Exercise data below:
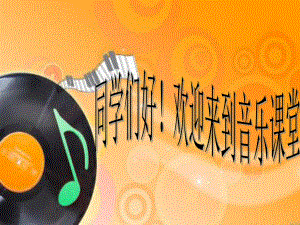 人音版小学音乐五年级下册《迷人的火塘》课件.ppt（无音视频）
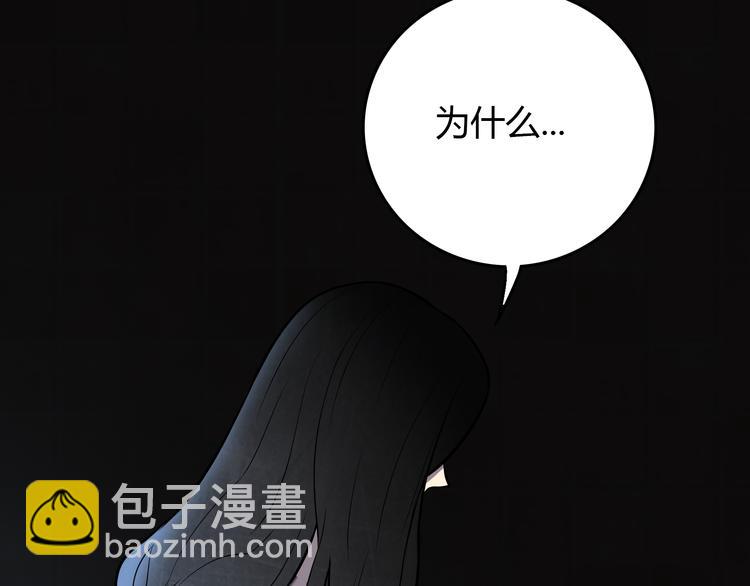 第6话 不只一个人&hellip;&hellip;(1/3)-第7话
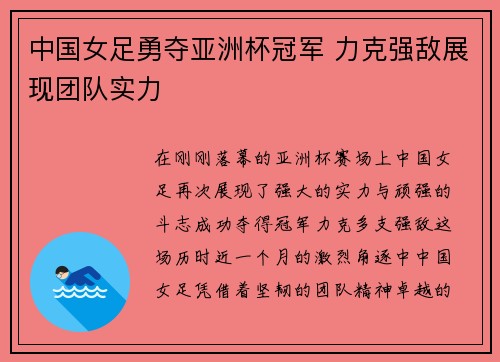 中国女足勇夺亚洲杯冠军 力克强敌展现团队实力 中国女足勇夺亚洲杯冠军 力克强敌展现团队实力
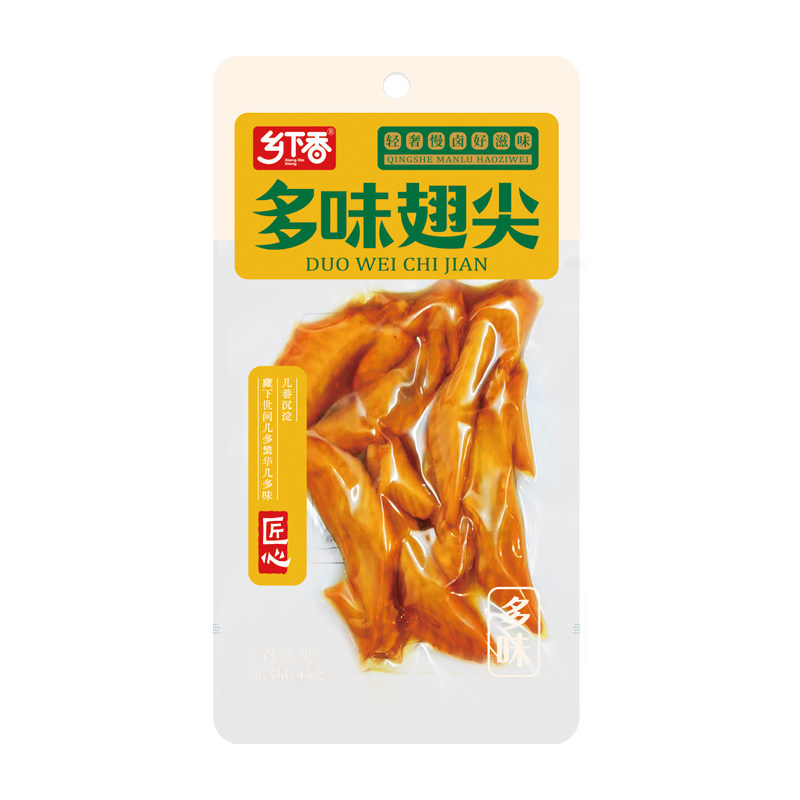 温州特产乡下香多味翅尖45克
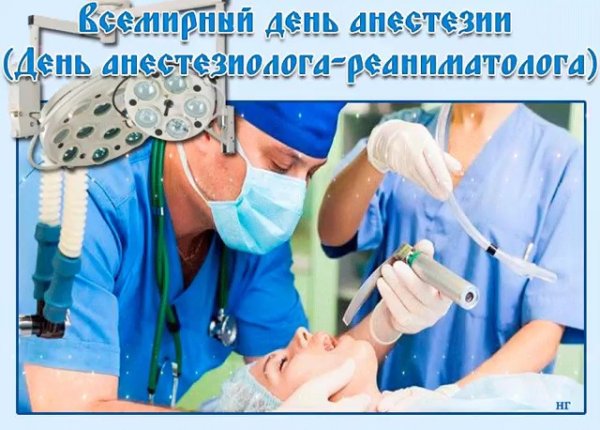День анестезиолога-реаниматолога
End of Exercise data.
#### The task:
An exact copy of all the data above is required; omit any pictures.

#### Completed exercise:
 人音版小学音乐五年级下册《迷人的火塘》课件.ppt（无音视频）
 第6话 不只一个人&hellip;&hellip;(1/3)-第7话
 中国女足勇夺亚洲杯冠军 力克强敌展现团队实力 中国女足勇夺亚洲杯冠军 力克强敌展现团队实力
 温州特产乡下香多味翅尖45克
День анестезиолога-реаниматолога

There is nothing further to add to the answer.